## Task instructions
Reproduce the listing below exactly, except for its pictures.

## Data for this exercise
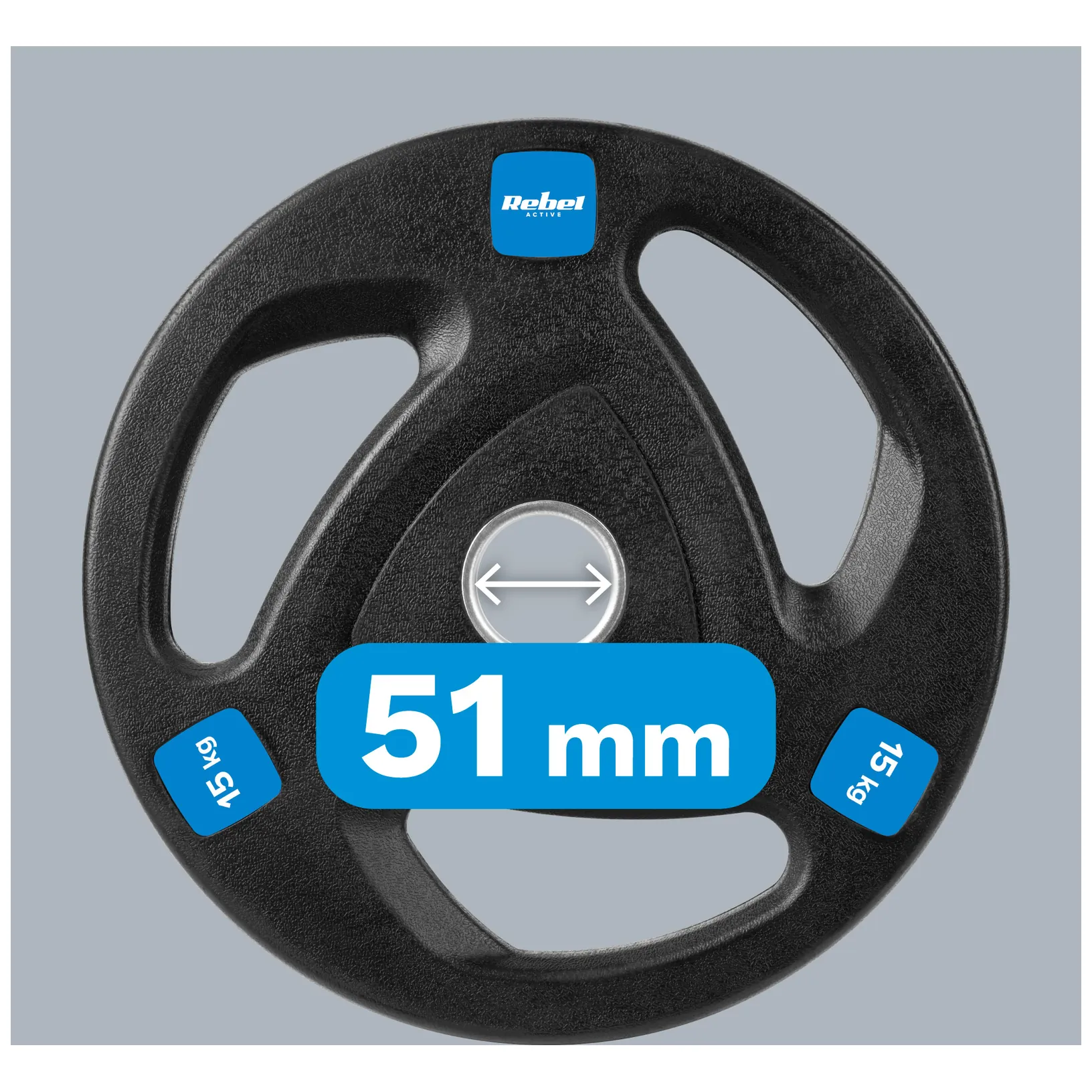 Obciążenie żeliwne olimpijskie gumowane zestaw 2x15kg, otwór 51mm , REBEL ACTIVE - obrazek 8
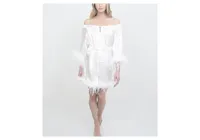 Women's Bridal Off-The-Shoulder Hair and Makeup Robe Feather Trim On The Sleeve Hem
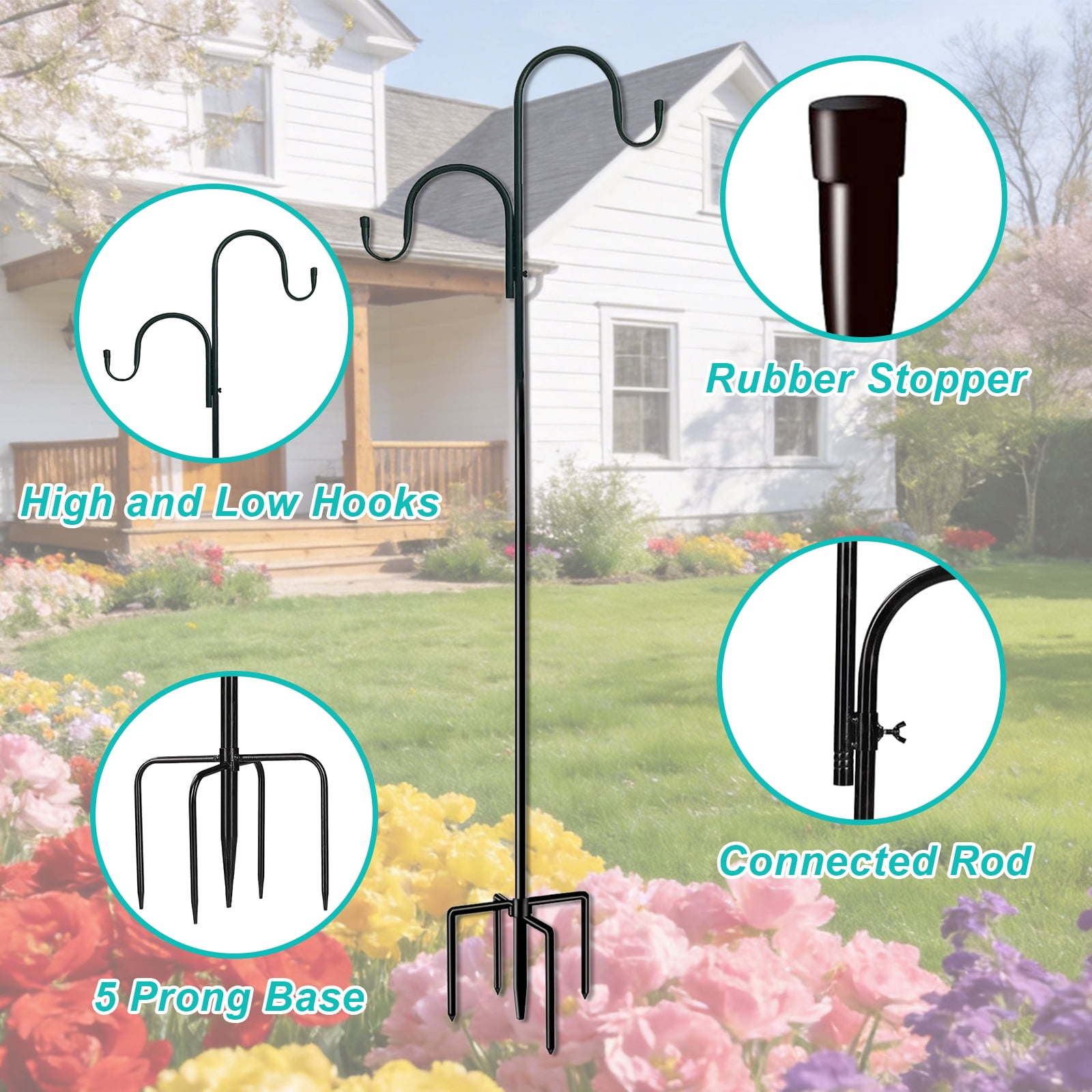 AGCAN Double Shepherds Hook for Outdoor, Heavy Duty Bird Feeder Pole with 5-Prong Base, Adjustable 94 Inch Garden Hook for Hanging Plant Baskets, Solar Light Lanterns, Wind Chimes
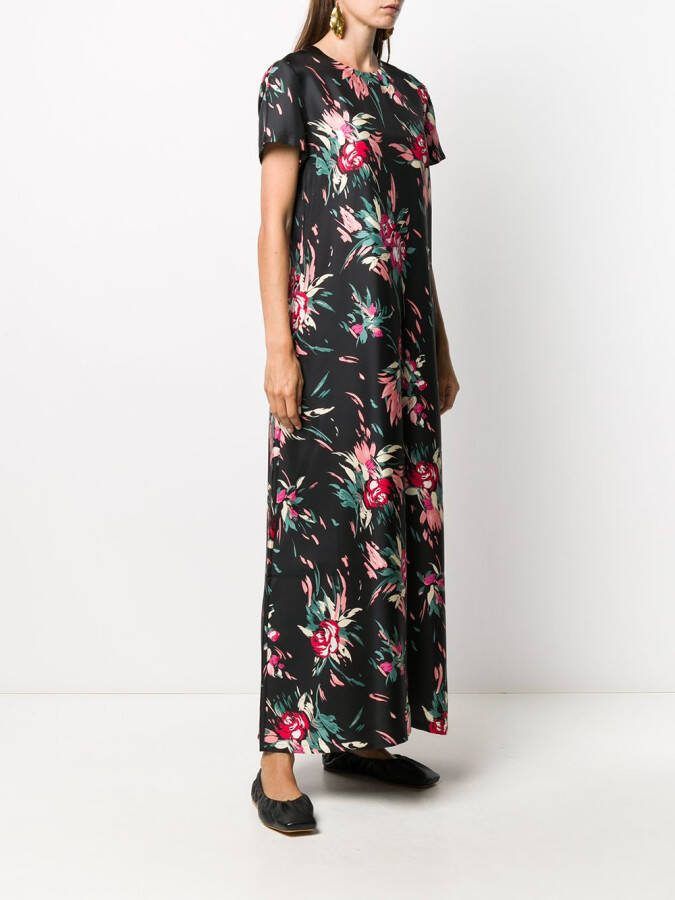 La DoubleJ Maxi-jurk met bloemenprint Zwart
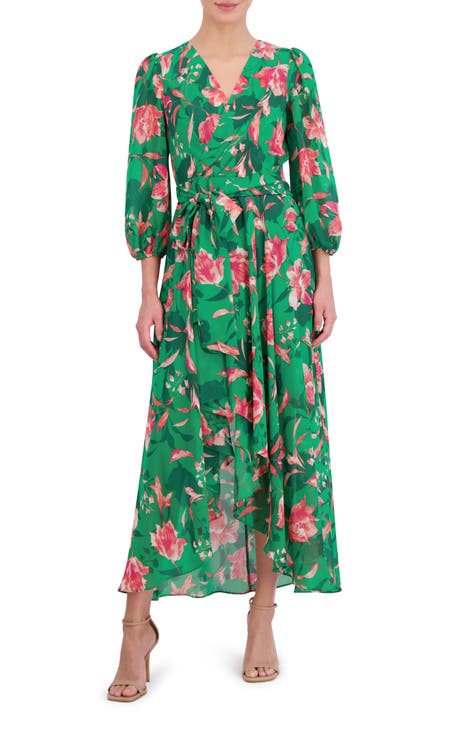 Amalfi Coast Black Floral Chiffon Flutter Sleeve Pleated Belted Maxi Dress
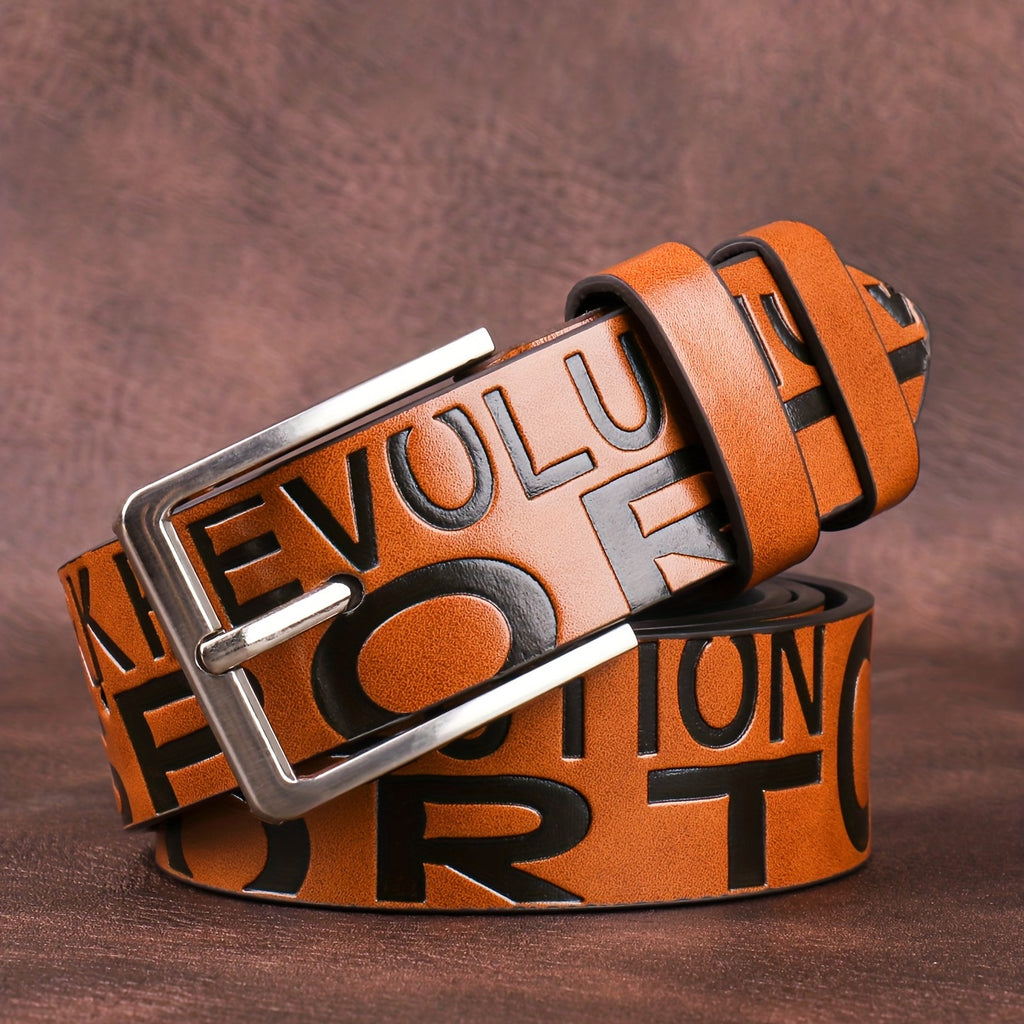 Herren-Sportgürtel aus Kunstleder mit Schnalle - „EVOLUTION“-Design, Braun, Perfekt für Anzüge, Jeans und Uniformen, Gürtel für Kleidung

## Task result
 Obciążenie żeliwne olimpijskie gumowane zestaw 2x15kg, otwór 51mm , REBEL ACTIVE - obrazek 8
 Women's Bridal Off-The-Shoulder Hair and Makeup Robe Feather Trim On The Sleeve Hem
 AGCAN Double Shepherds Hook for Outdoor, Heavy Duty Bird Feeder Pole with 5-Prong Base, Adjustable 94 Inch Garden Hook for Hanging Plant Baskets, Solar Light Lanterns, Wind Chimes
 La DoubleJ Maxi-jurk met bloemenprint Zwart
 Amalfi Coast Black Floral Chiffon Flutter Sleeve Pleated Belted Maxi Dress
 Herren-Sportgürtel aus Kunstleder mit Schnalle - „EVOLUTION“-Design, Braun, Perfekt für Anzüge, Jeans und Uniformen, Gürtel für Kleidung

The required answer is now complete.